Content-Transfer-Encoding: quoted-printable
MIME-Version: 1.0
X-FOPE-CONNECTOR: Id%12219$Dn%IETF.ORG$RO%2$TLS%5$FQDN%onpremiseedge-1018244.customer.frontbridge.com$TlsDn%o365mail.juniper.net
Subject: [secdir] wpkops BOF report
X-BeenThere: secdir@ietf.org
X-Mailman-Version: 2.1.12
Precedence: list
List-Id: Security Area Directorate <secdir.ietf.org>
List-Unsubscribe: <https://www.ietf.org/mailman/options/secdir>, <mailto:secdir-request@ietf.org?subject=unsubscribe>
List-Archive: <http://www.ietf.org/mail-archive/web/secdir>
List-Post: <mailto:secdir@ietf.org>
List-Help: <mailto:secdir-request@ietf.org?subject=help>
List-Subscribe: <https://www.ietf.org/mailman/listinfo/secdir>, <mailto:secdir-request@ietf.org?subject=subscribe>
X-List-Received-Date: Thu, 08 Nov 2012 20:32:27 -0000

The Web PKI Operations BOF (wpkops) met on Monday afternoon.
Although this BOF was technically in the OPS area, it is
probably of interest to many people in the SEC area.

Several presenters explained the mess that is the current
web PKI. A draft WG charter was presented, proposing to
document the widely-used parts of this mess so that the
participants can know what to expect.
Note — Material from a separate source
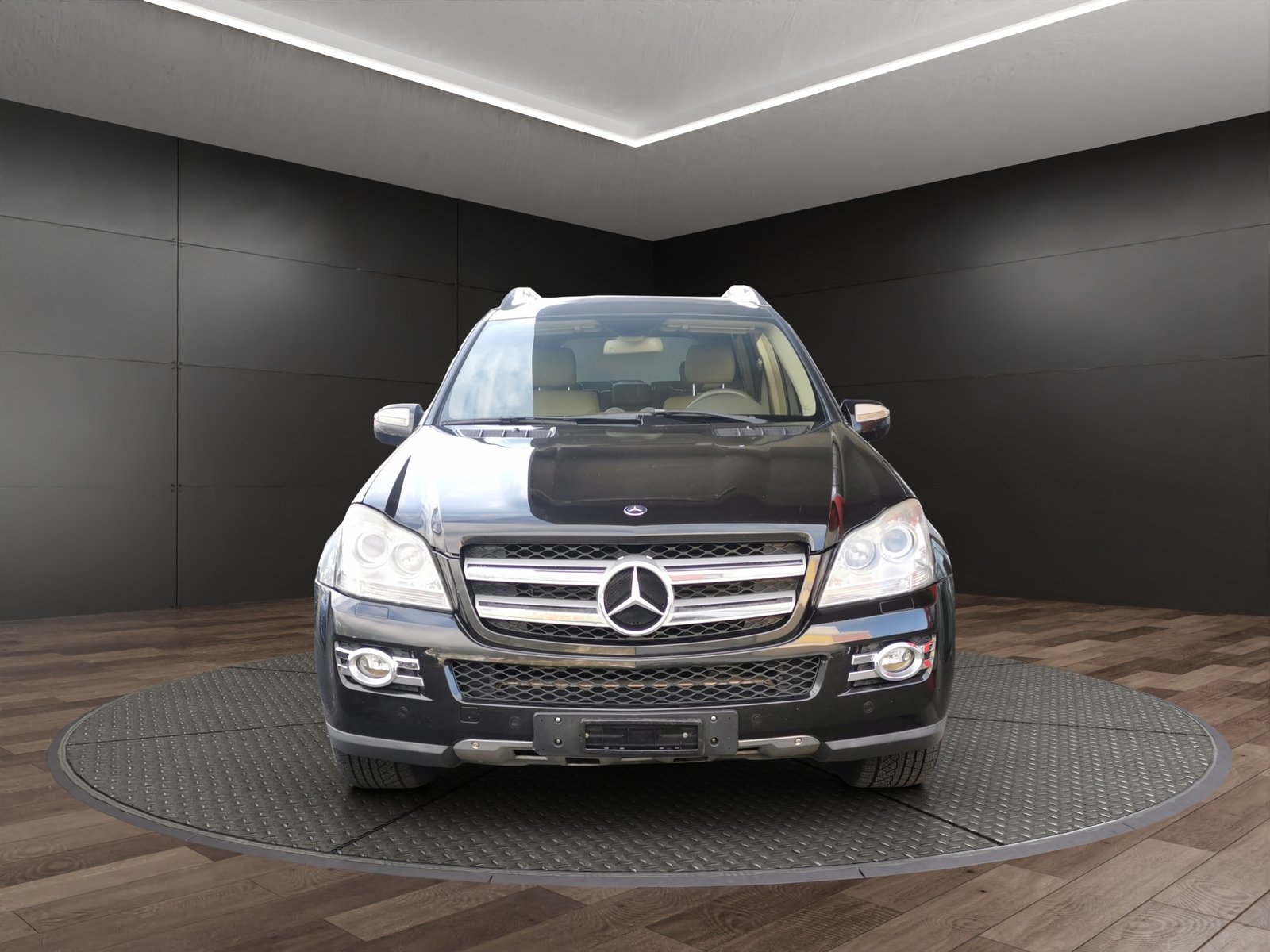 MERCEDES-BENZ GL 450 (420) CDI 4Matic 7G-Tronic, Diesel, Occasion / Utilisé, Automatique - 3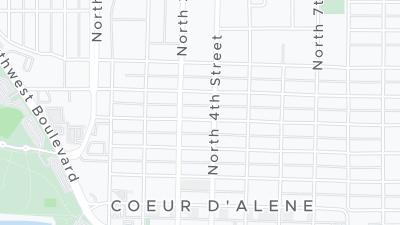 خريطة موقع الفندق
Perhaps someone can
even help make it a little better! But improvements to
the web PKI are explicitly out of scope for this effort:
only documentation of the status quo.

The main topic discussed was whether user interface
should be in scope. The consensus was that we should
include functional documentation of the information
provided to users about the web PKI and the actions
they can take.

With this agreement, there was strong consensus in the
room that the problem statement is clear, well-scoped,
solvable, and urgent. Plenty of editors are on board
and about 20 people indicated that they would read the
drafts and comment. So there was rough consensus that
we should charter a working group in this area.